In the October Astronomy and Astrophysics (vol. 690… a big one this month):
Wang, Z. Lin, H. Ye, B. et al. Near-infrared spectral behavior of space-weathered olivine with varying iron content A138 10.1051/0004-6361/202450888
Beniyama, J. Sergeyev, A. V. Tholen, D. J. et al. Rotation state, colors, and albedo of the mission-accessible tiny near-Earth asteroid 2001 QJ142 A180 10.1051/0004-6361/202451414
Jin, S. Ishiguro, M. Geem, J. Naito, H. et al. New evidence supporting past dust ejections from active asteroid (4015) Wilson–Harrington A193 10.1051/0004-6361/202451225
Athanasopoulos, D. Hanuš, J. Avdellidou, C. et al. Spin states of X-complex asteroids in the inner main belt – I. Investigating Athor and Zita collisional famili… A215 202451363
Biver, N. Bockelée-Morvan, D. Handzlik, B. et al. Chemical composition of comets C/2021 A1 (Leonard) and C/2022 E3 (ZTF) from radio spectroscopy and the abundance of HCOOH and A271 202450921
Mastropietro, M. Kim, Y. Hsieh, H. H. et al. Activity of main-belt comet 324P/La Sagra
A298 202451090
de la Fuente Marcos, de la Fuente Marcos, R. C. Aarseth, S. J. Ejected from home: C/1980 E1 (Bowell) and C/2024 L5 (ATLAS) A395 202451920
Attree, N. Gutiérrez, P. Groussin, O. et al. Varying water activity and momentum transfer on comet 67P/Churyumov-Gerasimenko from its non-gravitational forces and torques A82 202450728
Olivine- one of the basic building blocks of silicate bodies. That is, planets (including the cores of gas and ice worlds), asteroids, and to an extent comets. Olivine is also just detectable in standard (silicon chip) instruments, with an absorption band at ~0.9 micrometers. We want to gauge the silicate bodies by their building blocks, and thus understand what olivine’s doing, including mixtures and contaminants. Wang et al. show us various flavors of olivine, very helpful, thanks.
There are tens of thousands of Near-Earth Asteroids (NEAs). If even a percentage of a percentage have favorable qualities, and then highly-favorable qualities, that means a NEA for whatever criterion your heart desires. Going by the metric of mission-favorable orbits (NEAs easy to access with a probe), we have databases like MANOS and NHATS that filter for mission-target-able NEAs (plural, of course). For one particular ‘nearby’ (in propulsive terms) asteroid, Beniyama et al. now characterize that asteroid.

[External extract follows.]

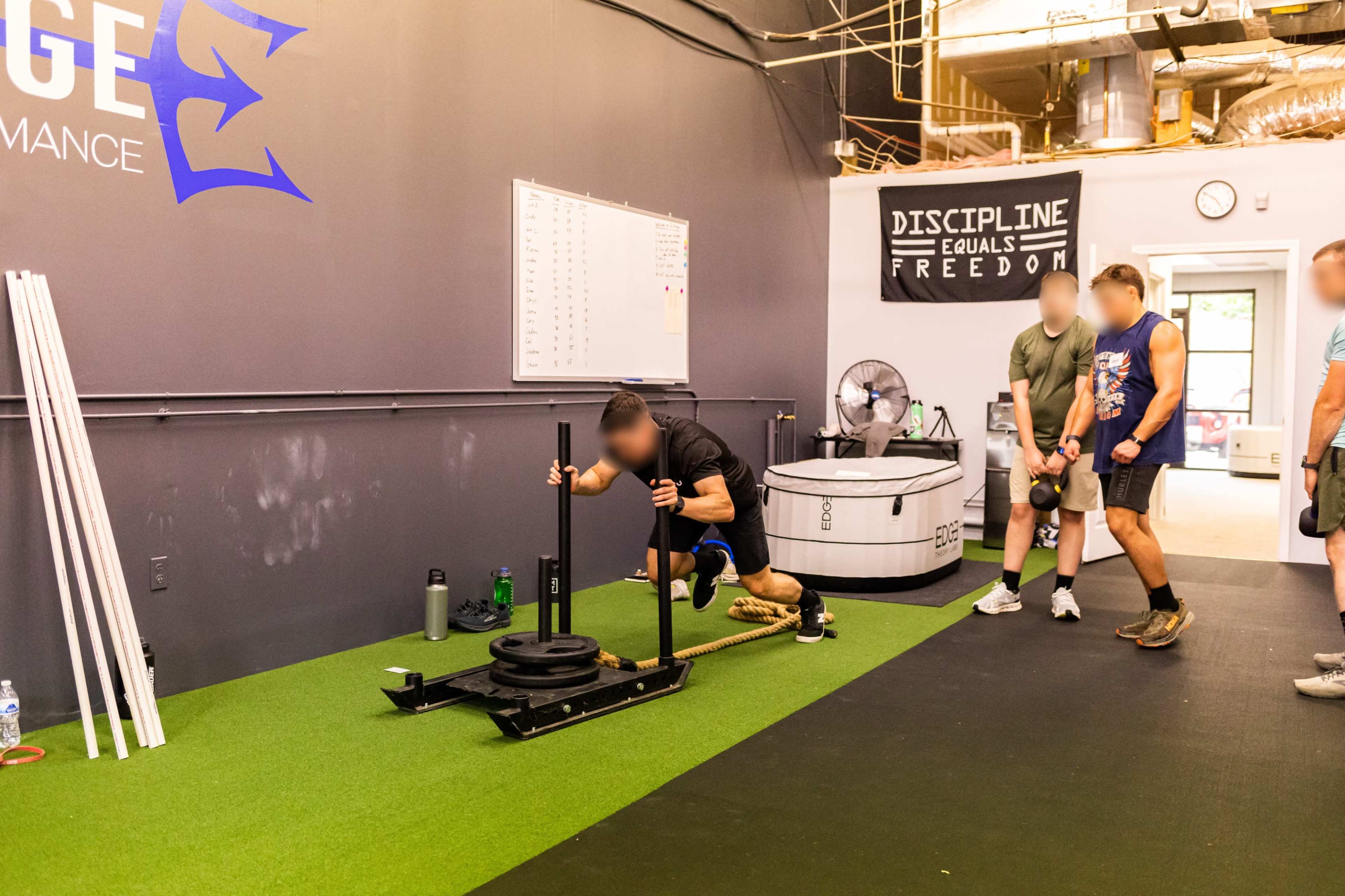 A person is pushing a weighted sled across a gym floor while others observe and participate in the workout.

“Comet” Wilson-Harrington is one of the prototype transition objects. Look too quickly and it seems like an asteroid. The rising count of transition objects would eventually lead to the use of “Small Solar System Bodies” (SSSBs) as a term that removes the asteroid-comet ambiguity. It’s in these grey areas that we have room to play, pedagogically- interesting things happen within the transition zone. In this case, what’s the Wilson-Harrington history- is it sputtering out? Temporarily quiet? Something else?
X-complex asteroids are a catchall category- they are neither the dominant classes (C-complex and S-complex), and itself breaking down into the very different E-, M-, and P-subtypes. At the very minimum, we can trace back families (the asteroids split by collision, from some parent asteroid) on the assumption that common-formed bodies have a common composition. (A decent enough assumption for P- and some E-, automatically suspect for M-type. M-type asteroids are the cores of differentiated bodies, where are the mantles and crusts?)

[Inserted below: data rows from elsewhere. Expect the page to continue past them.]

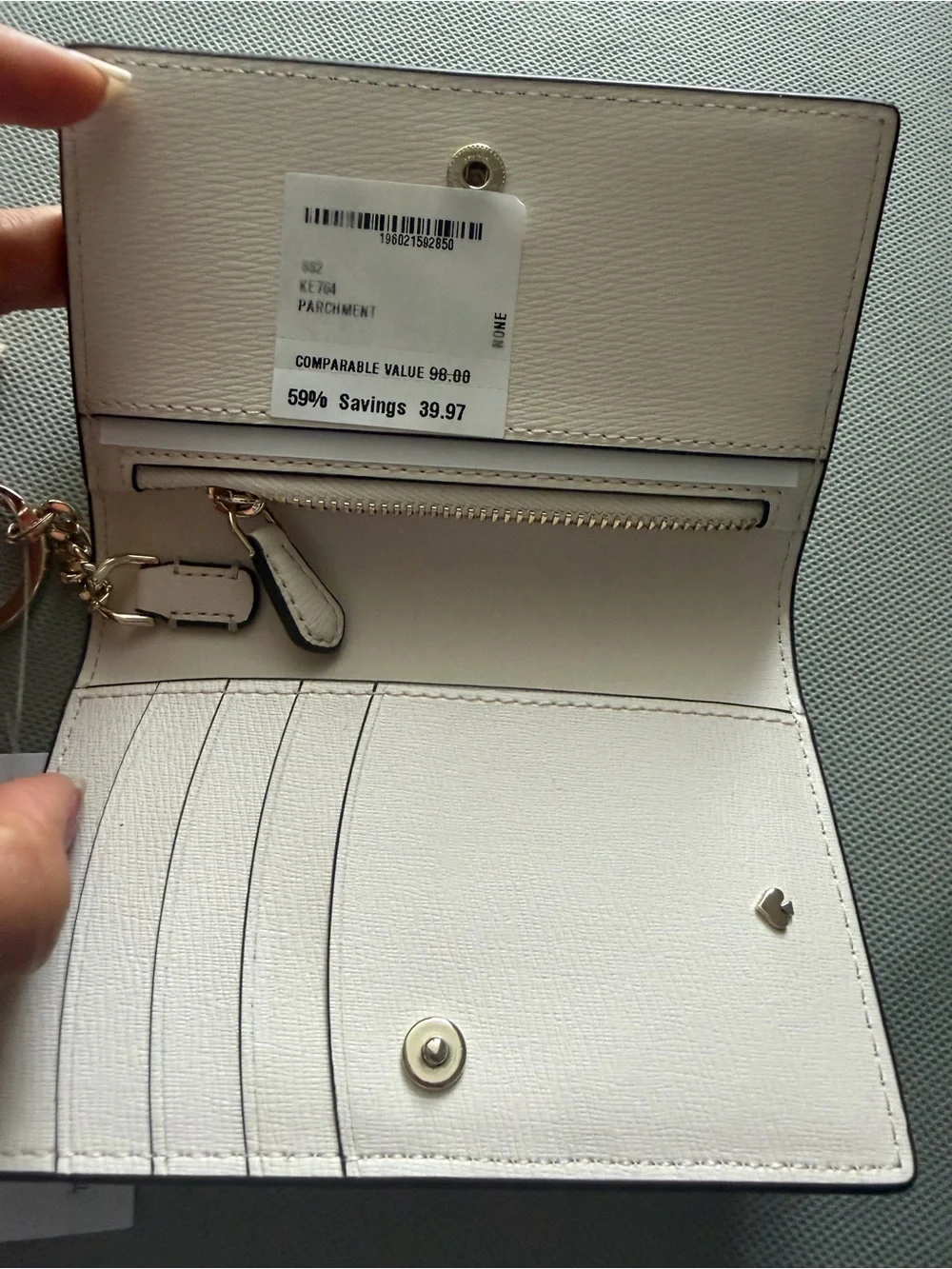 kate spade cream pebble leather card case with gold keyring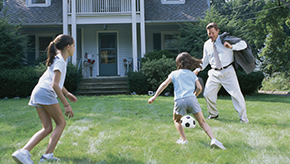 A dad plays soccer with his two daughters in the front yard of their house after he gets home from work.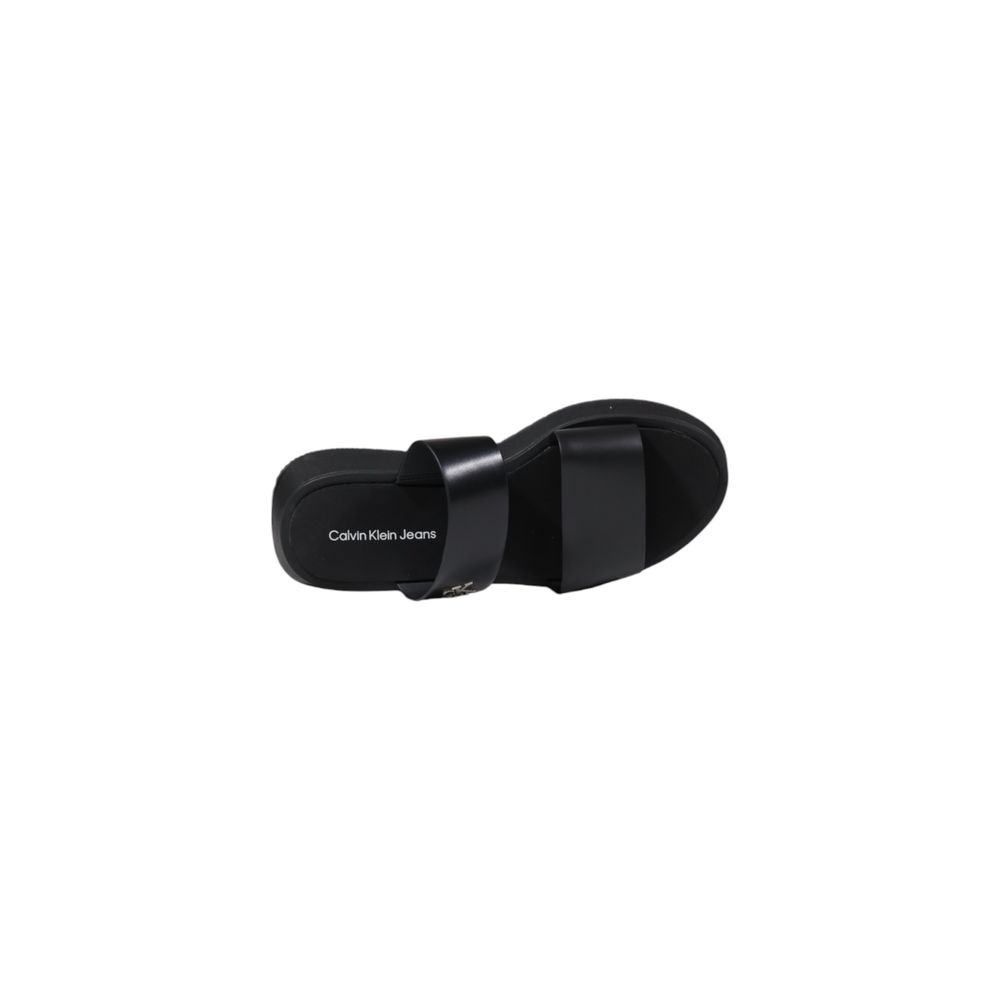 Top view of Calvin Klein Jeans Black Leather Flat Sandals showcasing minimalist design and branding on footbed.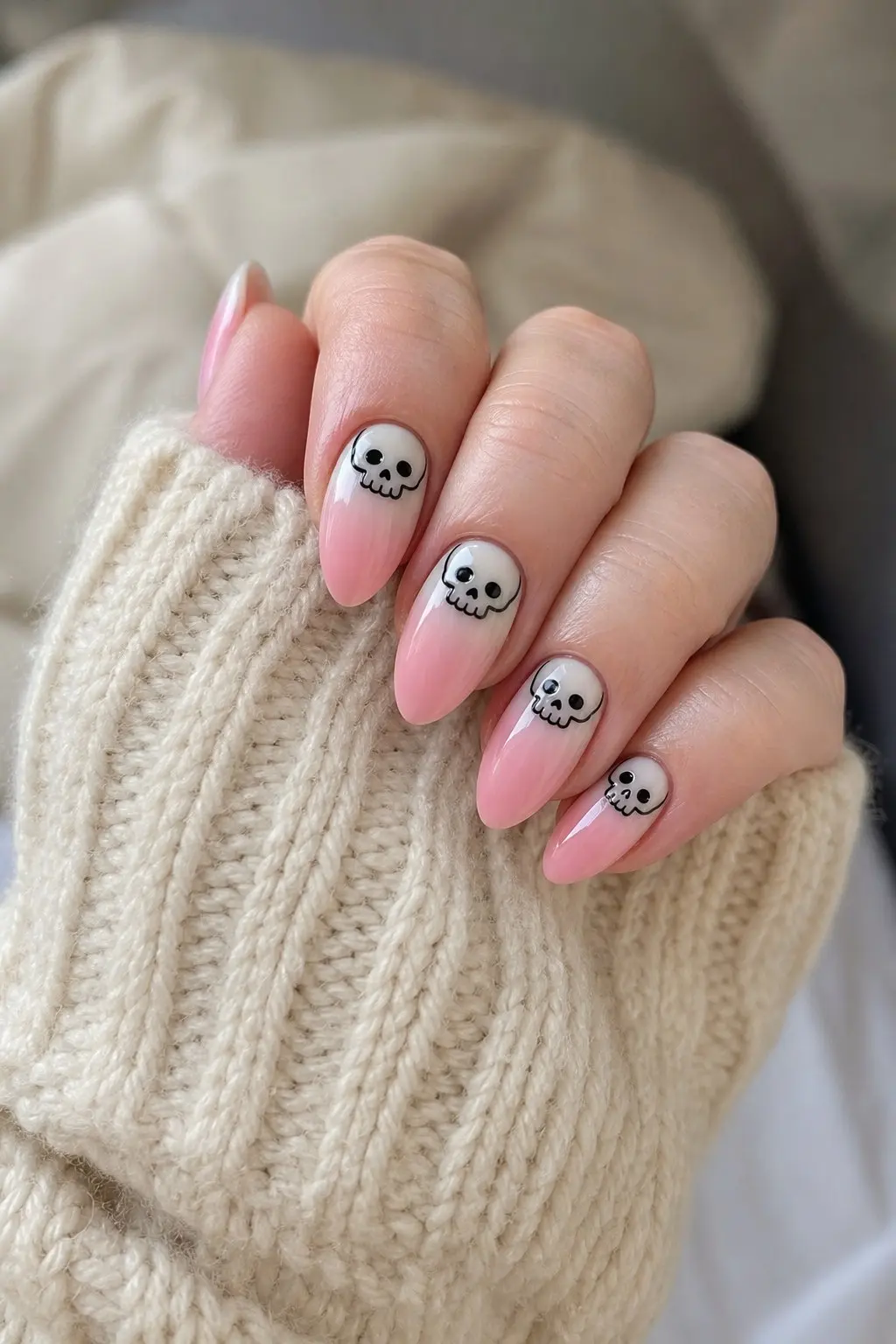 medium almond nails with pink to white ombre base and small black cartoon skull outline sitting at the base of each nail, nail look 26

…and of course, the question of comet composition (itself not automatically assumed the same for nucleus vs. coma/tail) is still not secure…
To circularize: there are asteroids, there are comets… and there are astero-comets and comsteroids. Main-Belt Comets fall in our grey area. What is going on with these inner-Solar-System, ice-bearing, asteroid-neighboring objects? 324P/La Sagra, one of the earliest to be discovered by humanity, continues to teach us what we didn’t even know that we didn’t know.
The question of “asteroid” vs. “comet” vs. transition object is an open question- again, we don’t know what we don’t know.